**EXERCISE:** Write out all of the entries that follow, word for word, but skip the pictures.

**LISTED ENTRIES:**
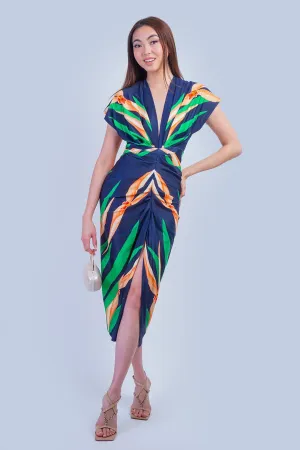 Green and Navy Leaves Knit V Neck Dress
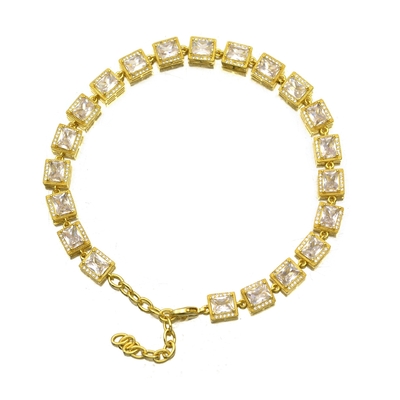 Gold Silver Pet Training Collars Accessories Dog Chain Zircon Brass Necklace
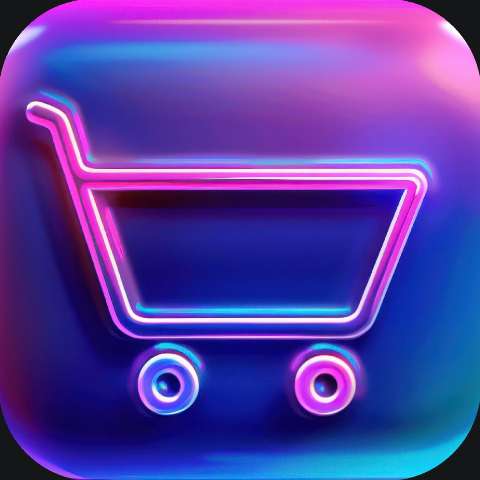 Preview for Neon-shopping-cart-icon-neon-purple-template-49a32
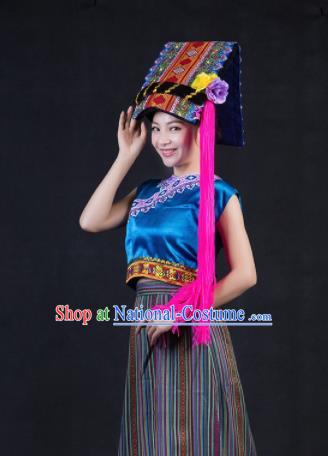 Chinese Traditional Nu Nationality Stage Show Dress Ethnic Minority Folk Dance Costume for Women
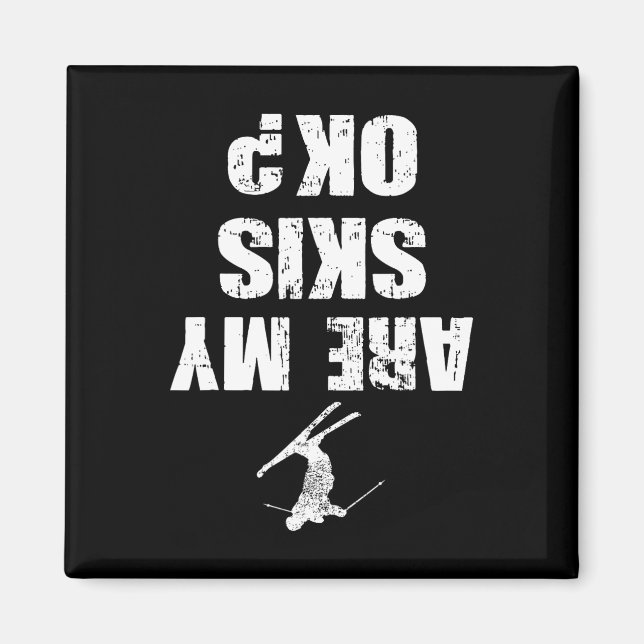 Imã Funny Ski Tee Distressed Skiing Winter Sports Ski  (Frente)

**RESPONSE FOR THIS EXERCISE:**
 Green and Navy Leaves Knit V Neck Dress
 Gold Silver Pet Training Collars Accessories Dog Chain Zircon Brass Necklace
 Preview for Neon-shopping-cart-icon-neon-purple-template-49a32
 Chinese Traditional Nu Nationality Stage Show Dress Ethnic Minority Folk Dance Costume for Women
 Imã Funny Ski Tee Distressed Skiing Winter Sports Ski  (Frente)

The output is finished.